Saturday, March 19, 2011

The Celebration of Emptiness

Yves Klein: Anthropométries

The French artist, Yves Klein was among the pioneers of performance, minimal, and pop art. He did not only use the result of his work as an artistic piece but he included the whole artistic process as creating something new and different. For instance, in the case of a series of paintings, he made a performance out of the creation of the works. In 1949, he composed The Monotone Symphony, a single 20-minute sustained chord followed by a 20-minute silence, and played it during these events.

Klein was a highly self-conscious artist, so when he realized that his audience perceives his multicolored paintings as mere interior decorations, he decided to reduce his world to one color only: blue. The color later became his emblematic feature, conveying a sense of infinity and otherworldliness.

Besides The Void (an empty space in a wardrobe), one of his most famous works was Anthropometries, which is a series of paintings created by the naked bodies of women. Klein was fascinated by experimenting, and he often did so regarding the tool with which he can apply paint on the canvas. In a little while, he developed the idea of "living brushes" (female bodies). He controled the process of creation as a conductor: they made the women, colored in blue paint, roll over, squirm, or being dragged over his canvases in a ritualistic manner. He regarded sponges or brushes (thus, these bodies as well) as sanctified objects because they impregnate by being impregnated. He pondered on this in the sense of artistic effect: he wanted his viewers to be impregnated by his art with the susceptibility of sponges. Strangely enough, Anthropométries do gets stripped from raptorous eroticism, and conveys a more foundamental meaning by the plunging, splashing, dreaming, and levitating bodies it displays. As Klein himself put it: "My paintings are but the ashes of my art."


Banksy: Christ with Shopping Bags

Graffiti has always been a controversial genre, since it was frowned upon, being considered as a form of vandalism. It was an underground movement and an ephemeral form of art for a long time, but lately it has been admitted to the artistic canon. Amusingly, one example for this breakthrough is the graffiti-project in the London underground and the New York subway.
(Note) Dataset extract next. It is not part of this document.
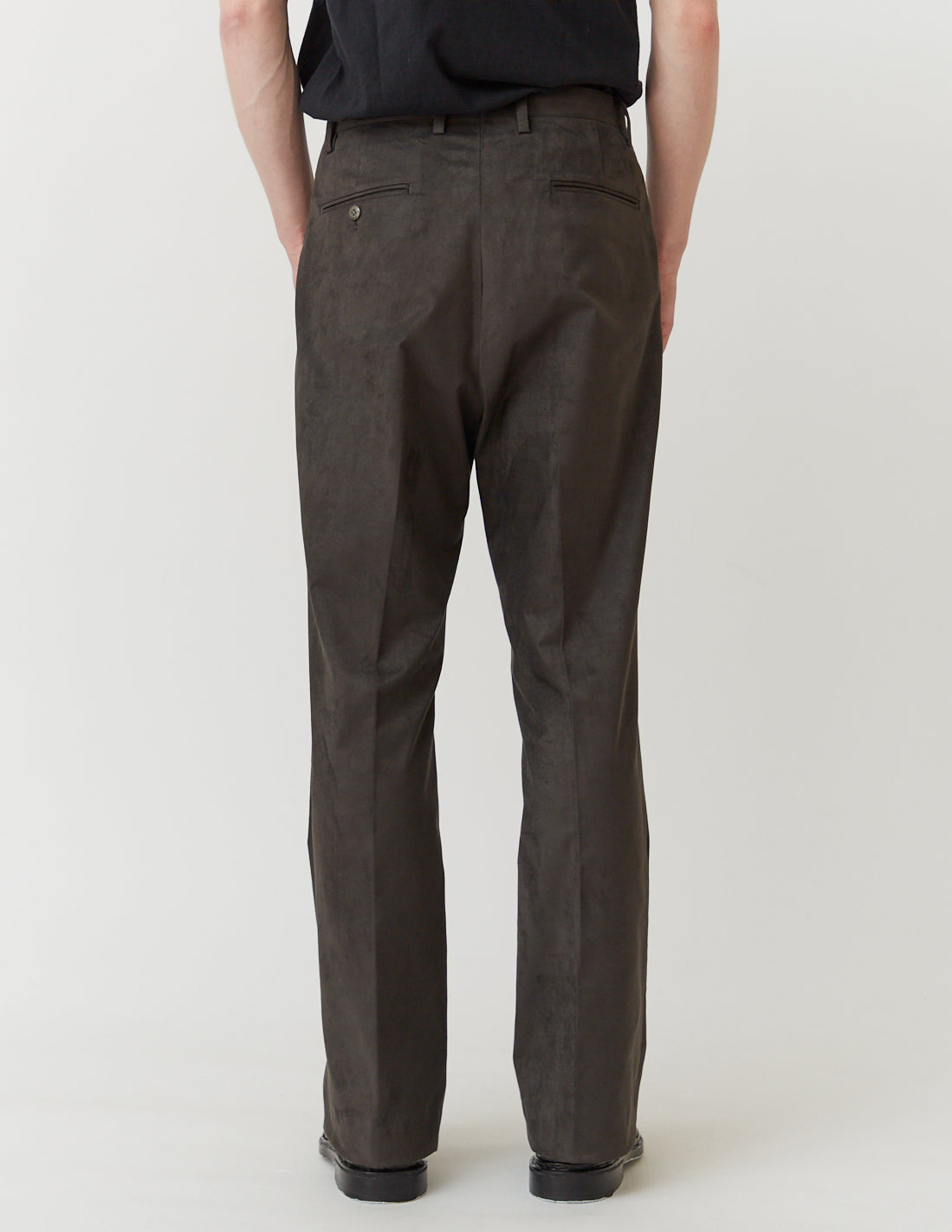 FLARE PANTS grey suede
The British artist, Banksy is infamous for his tongue-in-cheek works which usually convey messages with strong social connotations. He looks at social tendencies from a critical point of view. Just like many contemporary artists, mainly the ones in the field of street art, which is considered extremely direct and forceful, he uses shock as a tool for revelation.

Christ with Shopping Bags is a stencil of the crucifixion, depicting Jesus with two huge bundles of gifts in his pierced hands. The graffiti is an imprint of an era where "God is dead", yet, holidays still florish. Banksy's work suggests that holidays, especially Christmas, have lost their meaning and they became the celebration of consumer society, where people's sentimentalism or religious belief are used as tools for gaining profit. They are more of industrial and commercial happenigns than intimate family events: they became oversentimentalized and empty at the same time. Also, it is clear that just as he violated the sanctified image of Christ, people make products out of everything, without giving it a second thought. Everything is possible, and nothing is untouchable if it sells well.


1 comment:

  1. Now that is really making a statement. I would have loved to have seen this.